Creole

In The Flow of Time – July 20, 2024

This cringe-worthy statement is from a mid-20th century white New Orleans author: “No true Creole ever had colored blood.”

This sums up one of my challenges. Race is at the heart of New Orleans. So are race words and—far more importantly—the experience of race. Per that writer, a Creole is (was) a person of European descent born in Louisiana, pure white folk, no black heritage allowed. He was wrong.

The modern word “Creole” represents a lot of concepts: cuisine, location, race heritage, and language. I’m skipping cuisine in this little missive. If I say to you, “So-and-so is a Creole,” what you think is (likely) that this is a person of mixed ancestry. It also means a cultural blend from all the cultures and races that made 18th century Louisiana. By 1800, Creole was an identifiable culture, and a language.
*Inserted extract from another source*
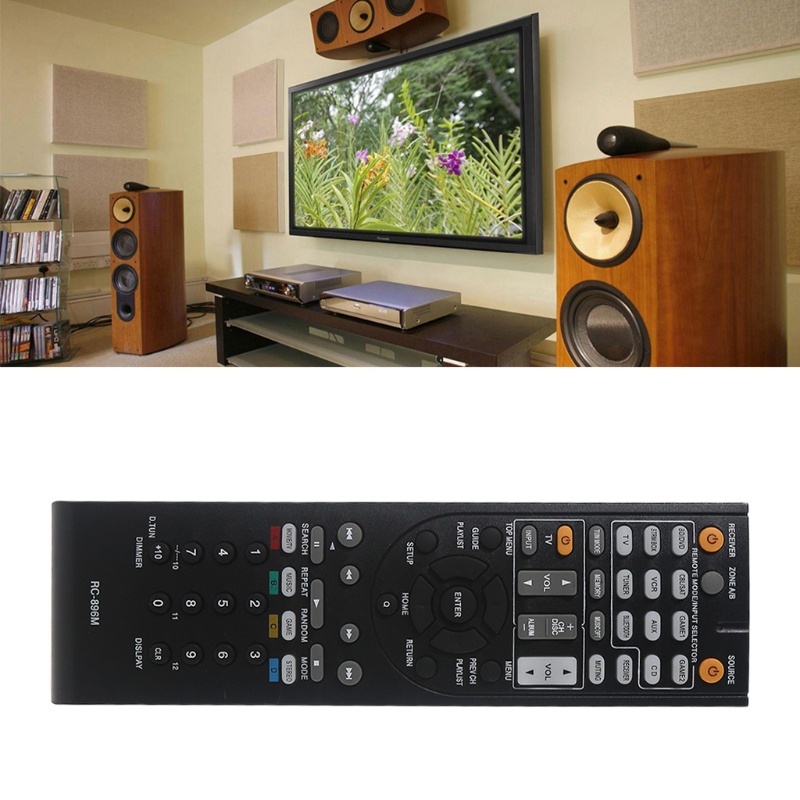 Thiết Bị Nhận Tín Hiệu RC896M Cho RC-865M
Ambrotype of a New Orleans Creole woman, 1855

In primary sources from the 1800s, I learned to be very careful of the term “Creole.” It was primarily a term of geography, meaning “born here.” It had, in principle, nothing to do with racial origins. But the road to hell is paved with… Many writers did use the term to mean “white,” because the people who mattered (supposedly) were all white. Benjamin Latrobe, writing in 1819, used “creole” as both a description of the classic French heritage in the city, and as a pejorative for the miserable patois of the cypress swamp. Not white. Words are slippery things.

For real, in 1800s New Orleans there were people of all kinds, and words carried different meanings. The word Negro meant “from Africa” (geography) and also “100% black” (race). In the early 1800s, Marie Laveau’s grandmother Maria was a Negress (born in Africa), and no one would ever call her a Creole. Marie was a Creole, a mulatto, and a free woman of color. All of those labels apply. There were more labels.

This is a linguistic problem of major proportions. Skin pigmentation is an unpredictable and unreliable variable. Nonetheless, people being people, the language had words for every color combination. These are not “just words,” some are now freighted with serious pejorative connotations. There were words for pure white, 75/25, 50/50, 50% Black and Native American, a quarter Black, an eighth Black; very specific words and everyone knew what they meant. The white Creoles had other words, meaning lost to modern times, so I can put them here and likely not offend anyone. Keeping the people of color in their place by calling them chacks, chacas, catchoupines, chacalatas, bambaras and bitacaux.

While all this linguistic bullshit is going on, for real we have white people passing as colored, colored people passing as white, black slaves running away or passing themselves off as free, and most people accepting who they are and just living life, despite the shit that society dumps on them.

Beyond color or national origin, there’s a whole other dimension to the word “Creole.” It’s a language, spoken by all those people regardless of skin color. Louisiana Creole is not a pidgin, it is a full language growing out of French (Canadian mostly), Spanish, African languages, and toss in some Native American for good measure. The dominant origin language is French. (lucky for me). It is properly called Kouri-Vini, and although there’s a lot of overlap, it is not Cajun.

Creole, applied to language, has come to mean any blended language, and there are dozens. Michif is a creole from Canadian French and Cree. Gullah on the US southeast coast is a creole.

So me as a writer moving myself into a racially diverse and cosmopolitan New Orleans in the 1800s, with my protagonist being a free woman of color with a rich African heritage, who owned her own slaves and spoke Kouri-Vini, who spent her life navigating an increasingly white supremacist society… there are a few challenges for the old white guy, and they pervade life and language at all levels.

Here’s a good example, the words for grandma. From several options, at least for now, I chose “mami.” That’s a correct, unfreighted, Kouri-Vini term. I like how this one is spelled (it’s phonetic for the English ear) and has an overlap with the term “mammy,” but without the racial stereotypes.

When the time comes, I’ll find first readers who know, who can keep me honest. I have to remember that I know French, and my gentle reader does not. When I see Kouri-Vini les ti-zenfan, I can hear it, I know precisely what it means, and I’m absolutely comfortable with it. You, I suspect not so much. 🙂 It’s the word for grandchildren, in French, les petits enfants. (Or, as spoken in French, les ’tis-enfants” and that s in the middle morphs into a z sound.)

History, and language, are messy.

(Edit: I got rid of Mami, it sounds too much like a racist stereotype. As I wrote, more and more I went for words based in French which, to English readers, are much less fraught. Not quadroon, but quarteron. Not mulatto but sang-melée.